Позже на столетие или больше это все будет соединено с теорией Дарвина. Но еще задолго до Дарвина такая социальная модель была принята на вооружение как прямое следствие модели Ньютона.
Если мир — это безупречная машина, вращающаяся по определенным законам;
если все подчинено дифференциальным уравнениям, а все территории гладки и предсказуемы и все это напоминает заведенный механизм;
если такова реальность;
если разум, наконец, открыл нам подлинную реальность — не ту, которую дают нам наши ощущения и суеверия, а подлинную реальность, открытую только разумному, и мы теперь понимаем, что это естественно в высшем смысле слова, это хрустальная беспощадная красота природы,
— то все должно быть естественно.
Разум и природа — вот то, что заменило церковные догмы.
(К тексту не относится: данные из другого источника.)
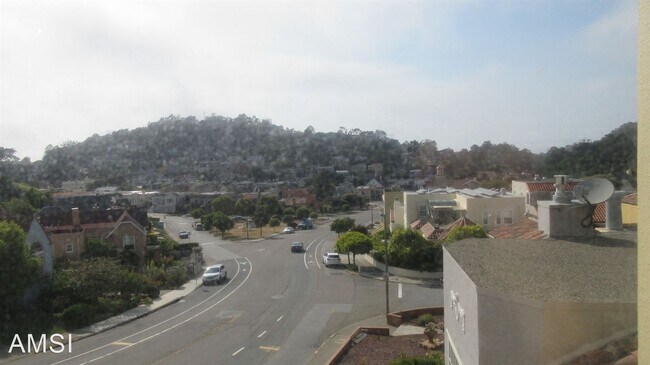 Building Photo - 3 br, 1.5 bath House - 675 Laguna Honda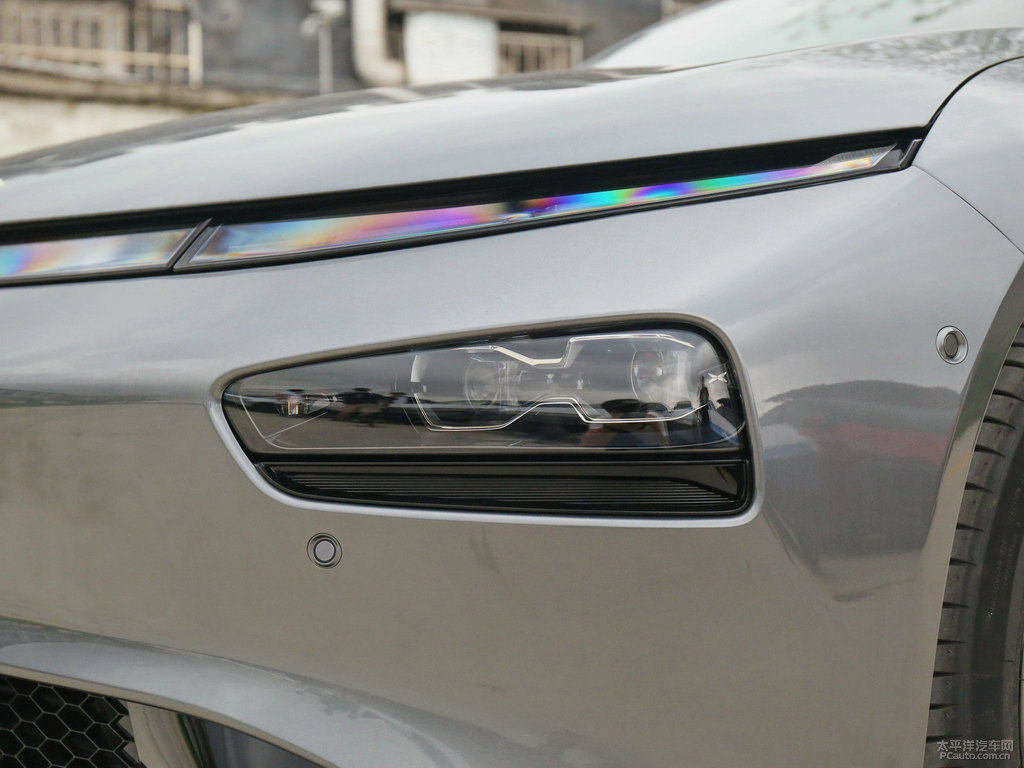 天辰灰小鵬P7車(chē)頭外觀圖片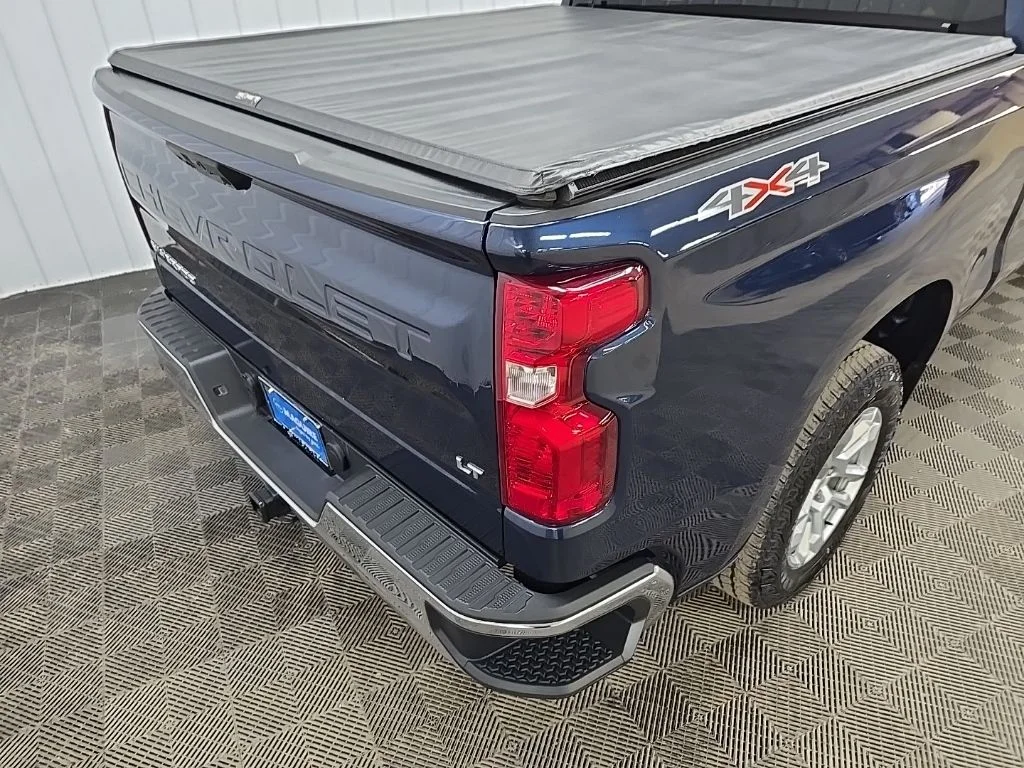 Used 2023 Blue Chevrolet LT image 11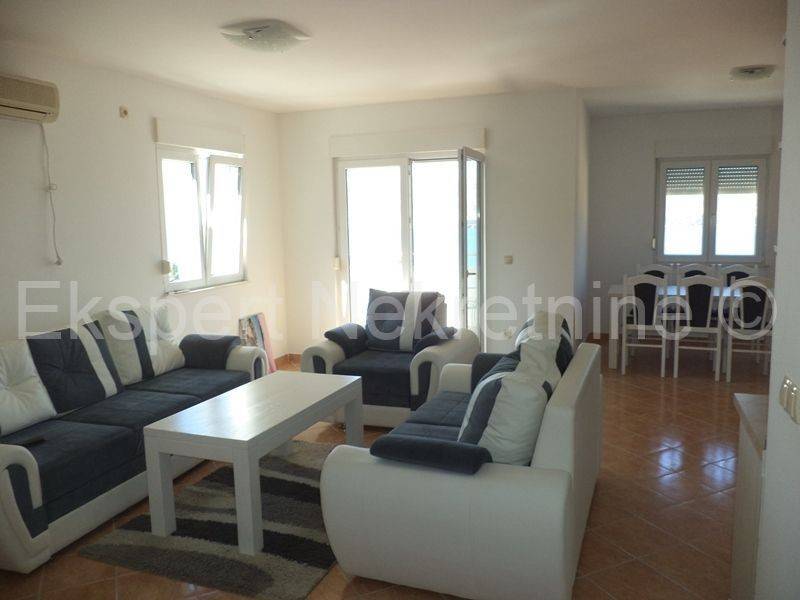 Flat in building, Sale, Okrug, Okrug Gornji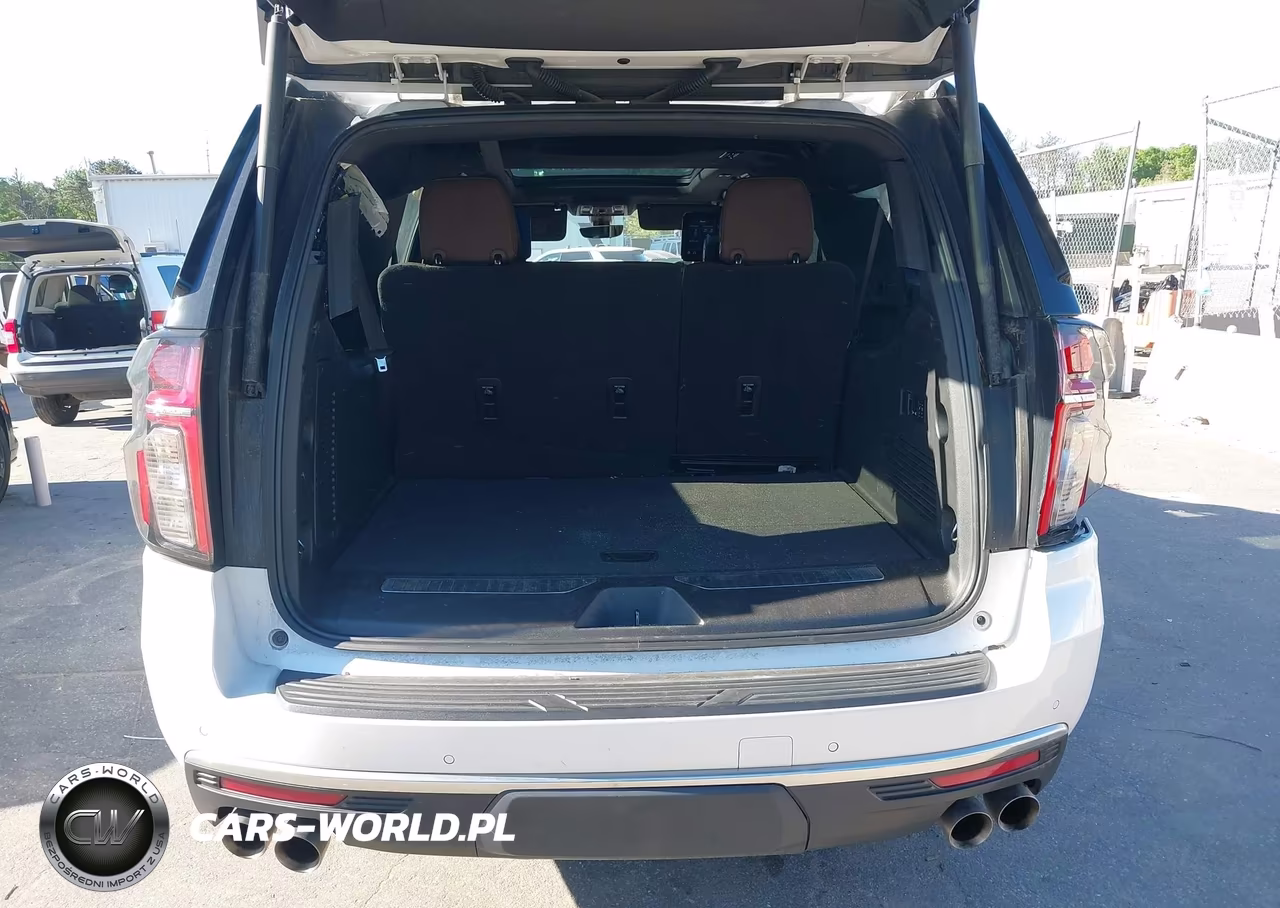 2021 Chevrolet Suburban 4Wd High Country VIN:1GNSKGKL8MR415689 - 17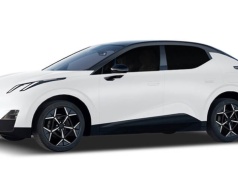 Chińczyk kazał samochodowi wyłączyć lampkę do czytania, ten wyłączył mu światła. W nocy. No i łup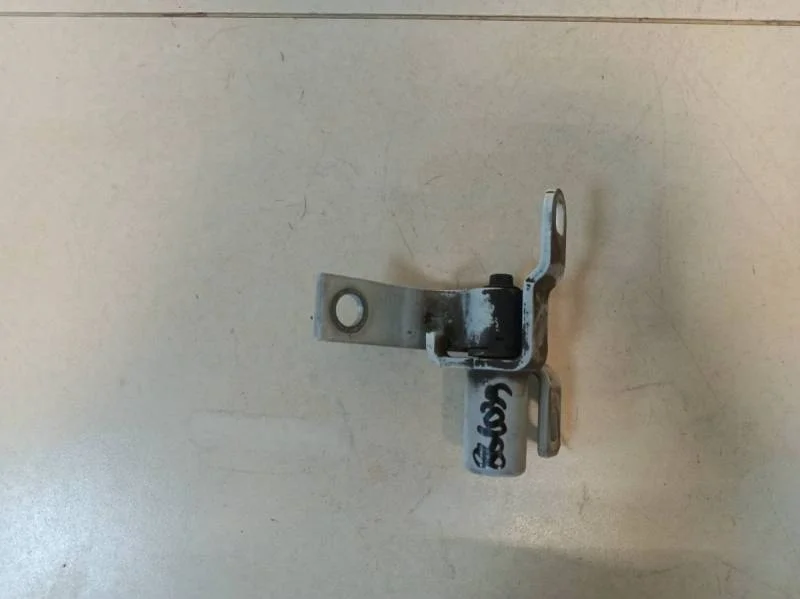 Петля двери передней правой верхняя Ford Mondeo 4 2007-2015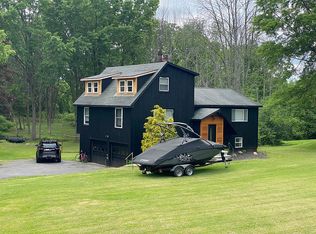 2313 E Lake Rd, Skaneateles, NY 13152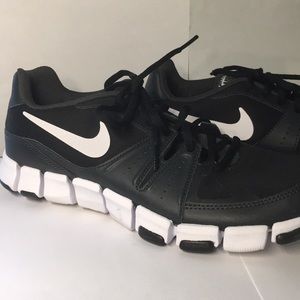 Black Nike Tennis Shoes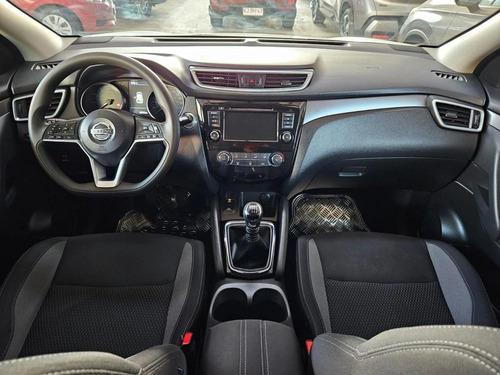 Nissan Qashqai 2.0 SENSE 4X2 MT 5P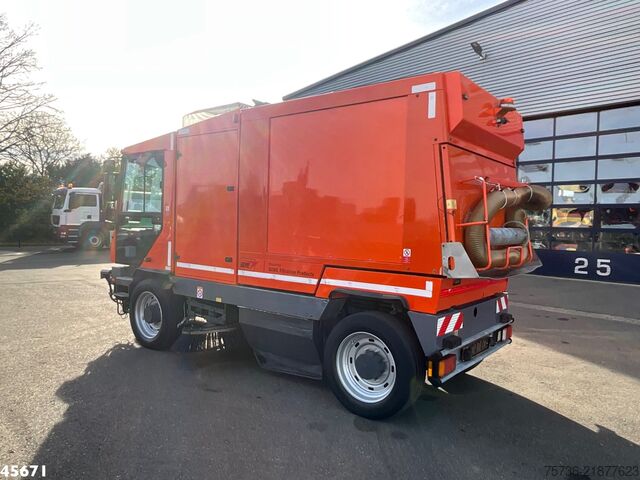 Gatusopmaskin Dulevo 5020  Euro 6 with 3-rd brush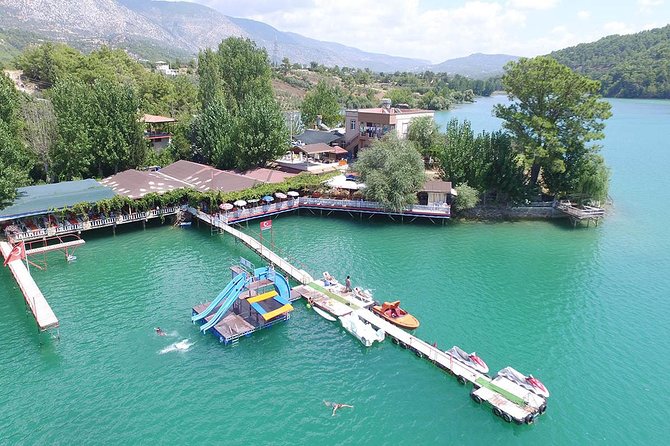 Cabrio Safari With Boat Trip on the Green Lake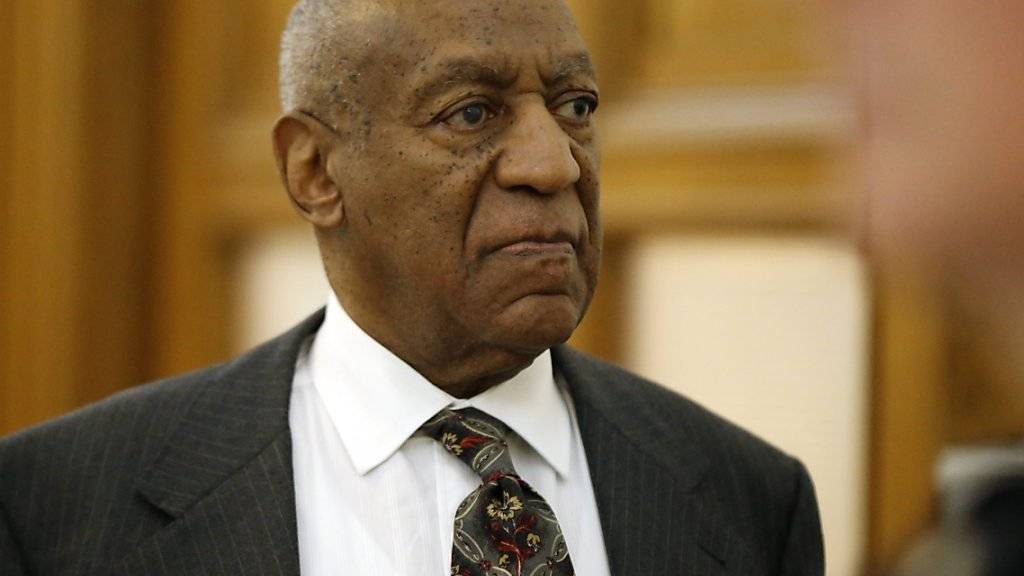 Bill Cosby verlässt nach der vorbereitenden Anhörung das Gericht ohne eine Aussage gemacht zu haben.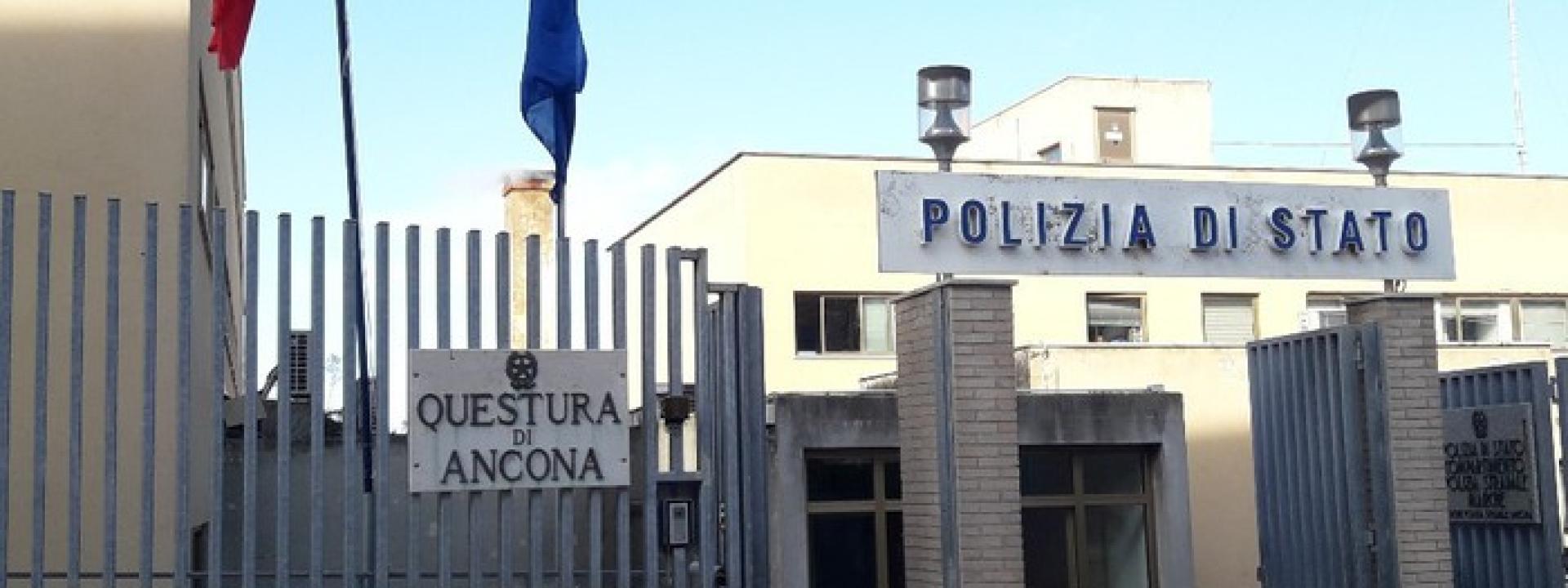 Marche - Devasta un distributore e ruba merendine: Daspo urbano per un 24enne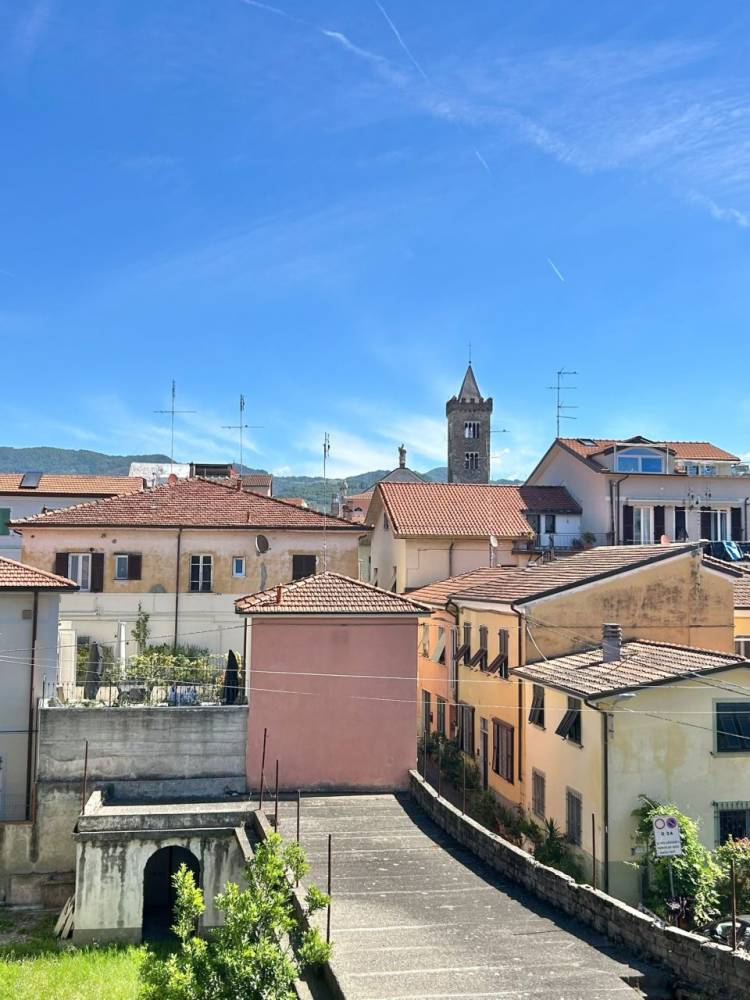 appartamento in vendita a Sarzana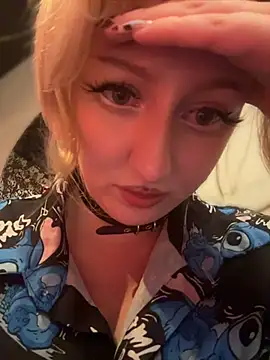 RonnieKiss Live XXX-Chat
Вот Евангелие модерна — разум и природа. Именем природы и естественного, открытого только разуму — и этим очень сильно отличающегося от непосредственных ощущений, от заблуждений (все мы видим, что солнце всходит и заходит, а на самом деле все не так)… Вот этот настоящий мир, открытый только разуму, беспощадно красив. И если следовать законам этого мира, постигая их, и перенести эти законы на законы социума, то можно достигнуть того, что в предыдущие тысячелетия считалось невозможным, — счастья человека на земле.